It’s one of the first things new baristas learn: before making a pour-over, rinse the filter with hot water.
This is supposed to do two things:
- Remove any paper dust that might be imparting a papery taste to your brew.
- Preheat your dripper so that it absorbs less heat from your slurry, resulting in a higher total extraction.
But is it necessary?
In the process of finding the best filter for the Etkin Dripper, I started asking a different question:
Would we be better off not rinsing the filter?
When looking at the risk/rewards of rinsing a paper filter, it’s helpful to consider the filter itself. Paper coffee filters come in a variety of shapes and sizes ( for a deep dive that literally puts paper filters under the microscope, check out this article by Jonathan Gagne ). Depending on the weight of the paper, not to mention if it’s bleached or unbleached, rinsing your filter paper might be more or less necessary. The conventional logic is that thicker filters and unbleached filters require more thorough rinsing.
In the case of the standard basket coffee filters used by the Etkin Dripper, these tend to be lower weights of bleached paper, so already rinsing was having less of an effect.
Having been taught the importance of rinsing filters, I was surprised to learn one of my coffee heroes, Peter Giuliano, advocated skipping rinsing.
Giuliano mostly was speaking from a sustainability standpoint. Filtered drinking water is a finite resource. Heating water requires energy. Why waste resources doing something with minimal effect on cup quality? Giuliano argued the difference between a rinsed filter and an unrinsed filter was practically undetectable in the finished brew. The opinion would be echoed by James Hoffmann, who argues rinsing Aeropress filters makes an imperceptible difference compared to not rinsing.
What are the risks?
Beyond sustainability concerns, rinsing your filter raises the additional question, what if it harms your brew?
Here I am thinking of the standard basket coffee filters that are used by the Etkin Dripper, and practically any consumer autodrip machine. These filters tend to be very thin.
When rinsed, these filters tend to lose their shape and stick to the walls of the brew basket. This loss of airflow can cause the brew to choke. In the case of batch brewers, they can even collapse, causing coffee ground to get in the finished beverage.
Given the potential risks and rewards, I’ve started not rinsing my filters when using the Etkin Dripper and I’ve never been happier with the results.
But what about heat loss?
When we’ve shown our friends in the coffee industry the Etkin Dripper the number one question we’ve received is about temperature stability.
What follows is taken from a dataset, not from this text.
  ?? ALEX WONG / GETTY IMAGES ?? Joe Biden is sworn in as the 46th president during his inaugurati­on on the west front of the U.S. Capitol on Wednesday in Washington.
I plan on taking a deeper dive into slurry temperature in a future blog post, but now, suffice it to say the point of water temperature is extraction. You need energy to dissolve the soluble compounds.
If you achieved your target extraction and the coffee tastes good, then I’m not worried about slurry temperature.
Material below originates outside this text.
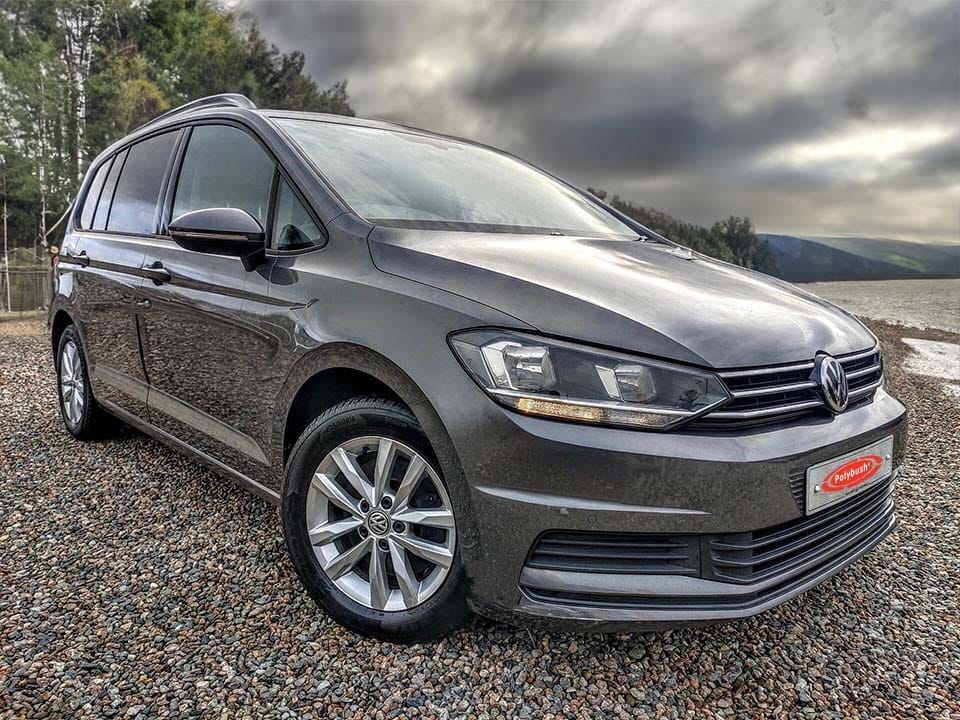 A dark grey Volkswagen Golf parked on a gravelled car park, with cloudy skies and a forested mountain in the background.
Of course, you can preheat the Etkin Dripper with hot water before you put in the filter if you really want to— but most mornings I have a simpler solution:
I start brewing with 98° C water— which is technically slightly above SCA standards (92-96° C / 195-205° F) knowing that the dripper and the coffee is going to absorb some of that extra heat.
I’m hitting my target extractions. The coffee tastes great. Mission accomplished.
I know to a certain degree, it’s inevitable. Haters gonna hate. Baristas are going to rinse. But if you’re using a standard basket filter — the sort you can buy in any grocery store — we don’t recommend rinsing.